- **Assigned task**: Reproduce exactly, with no pictures, each line from the opening of the material down through the line containing "Dětské kopačky adidas Predator Elite FG".

- **Data for analysis**:
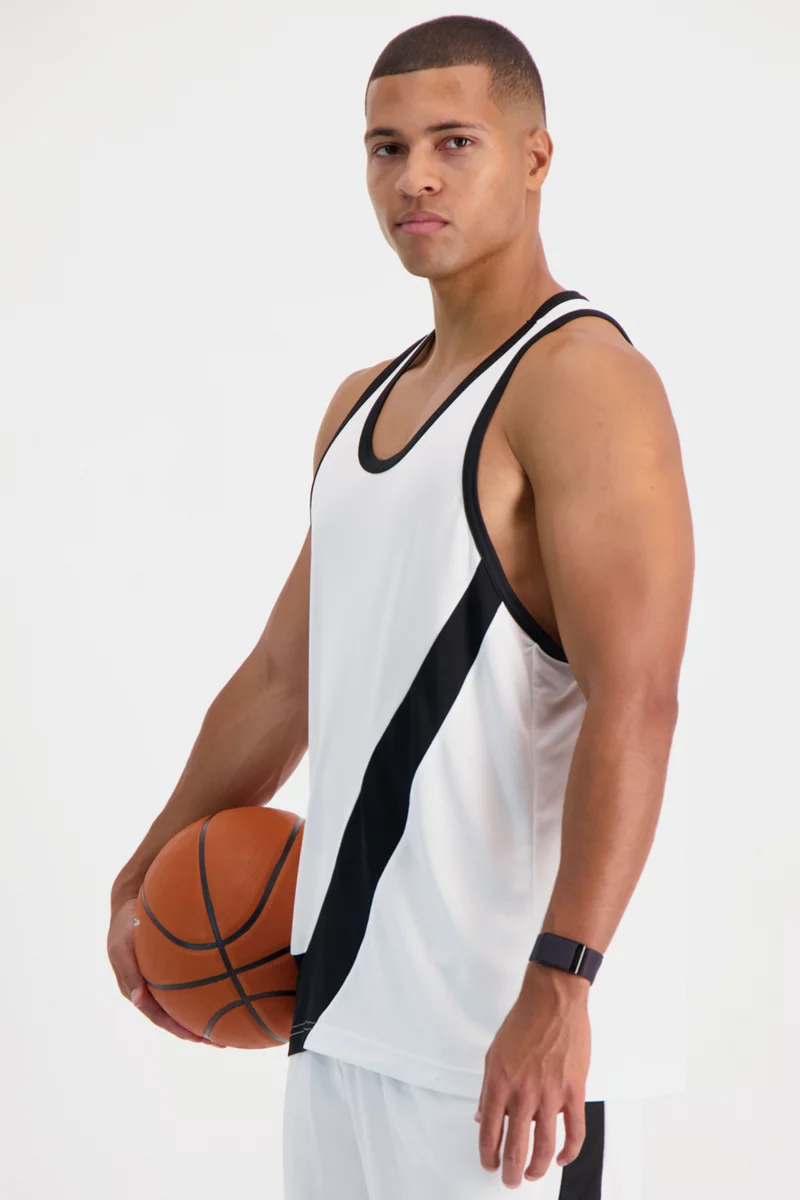 Nike Dri-FIT Herren Tanktop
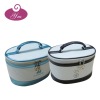 2012 modern ladies cosmetic bags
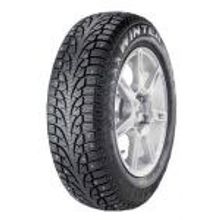 Pirelli Winter Carving Edge 225 50 R17 98T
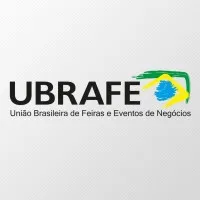 Ubrafe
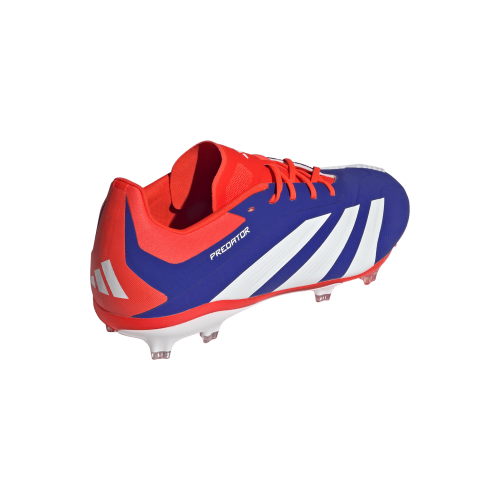 Dětské kopačky adidas Predator Elite FG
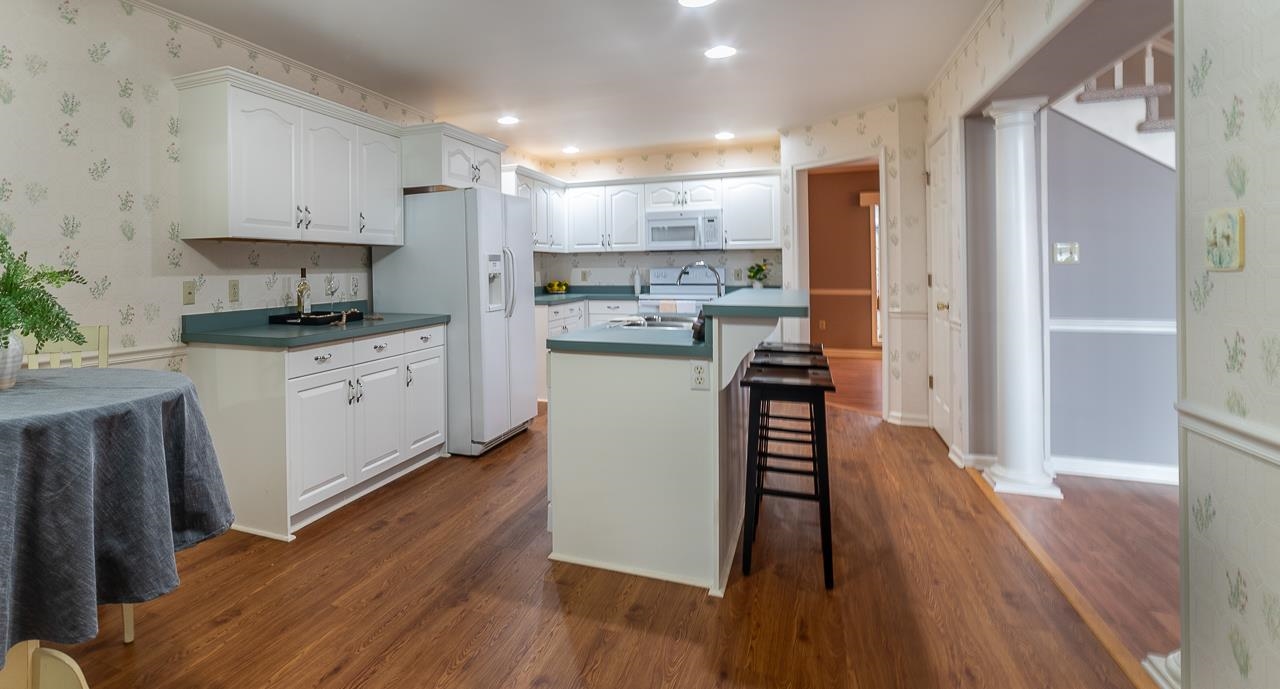 17 NEW CAMERON DR, LEXINGTON, Virginia 24450, 4 Bedrooms Bedrooms, ,3 BathroomsBathrooms,Residential,17 NEW CAMERON DR,672042 MLS # 672042 17 NEW CAMERON DR, LEXINGTON, Virginia 24450, 4 Bedrooms Bedrooms, ,3 BathroomsBathrooms,Residential,17 NEW CAMERON DR,672042 MLS # 672042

- **Finished exercise**:
 Nike Dri-FIT Herren Tanktop
 2012 modern ladies cosmetic bags
 Pirelli Winter Carving Edge 225 50 R17 98T
 Ubrafe
 Dětské kopačky adidas Predator Elite FG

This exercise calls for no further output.